Hura, još živimo
The novel follows the life of Jakob Formann from 1946 to 1976: from a poor returnee from the war, through business ups and downs, love, marriages and scandals, to becoming one of the richest and most famous people in Germany.
Hurrah, we still live (1978) is one of the most popular novels by Johann Maria Simmel (1924–2009), an Austrian bestselling author known for his mixture of suspense, erotica, social satire and pacifism. This is a great family and social saga that follows three decades of post-war Germany through the life of the protagonist Jakob Formann.
Jakob returns from the war in 1946 poor, hungry and broken, but full of vitality and cynicism. He starts from scratch: he works illegally, engages in smuggling, enters into construction, advertising and media businesses.
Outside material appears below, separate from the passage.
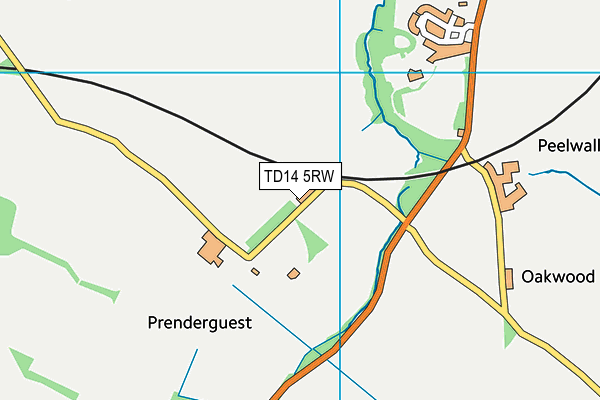 TD14 5RW map - OS VectorMap District (Ordnance Survey)
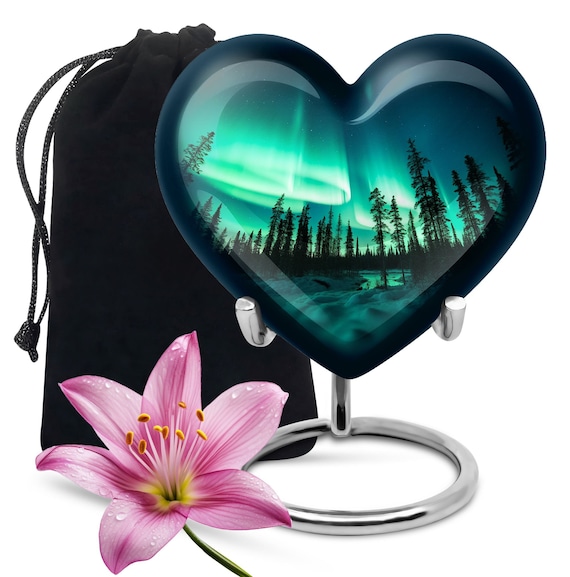 Northern Lights Urns for Human Ashes keepsake | Small Urn for Ashes | Urn for Ashes Adult Male & Female | Large Decorative Urns for Mom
Thanks to cunning, charm and ruthlessness, he becomes a magnate - the owner of large companies, newspapers, TV companies. The novel depicts the German "economic miracle" (Wirtschaftswunder): a rapid rise from the ashes, but also moral compromises, corruption, suppression of the Nazi past and consumer hedonism.
Jakob's private life is turbulent: multiple marriages, mistresses, children, scandals. He is charismatic, restless, obsessed with sex and power, but also deeply unhappy - he carries the trauma of war, a guilty conscience and a sense of emptiness despite his wealth. Simmel uses Jakob's memories, dialogues and introspections to present a wider context: the reconstruction, the student riots of 1968, the Baader-Meinhof terrorism, changes in social morality.
The style is typical of Simmel: short chapters, a dynamic rhythm, lots of dialogue, eroticism and humor (often black). The novel is optimistic in its title ("Hurray, we still live!"), but critical of a society that has forgotten the lessons of war and lives in the illusion of prosperity.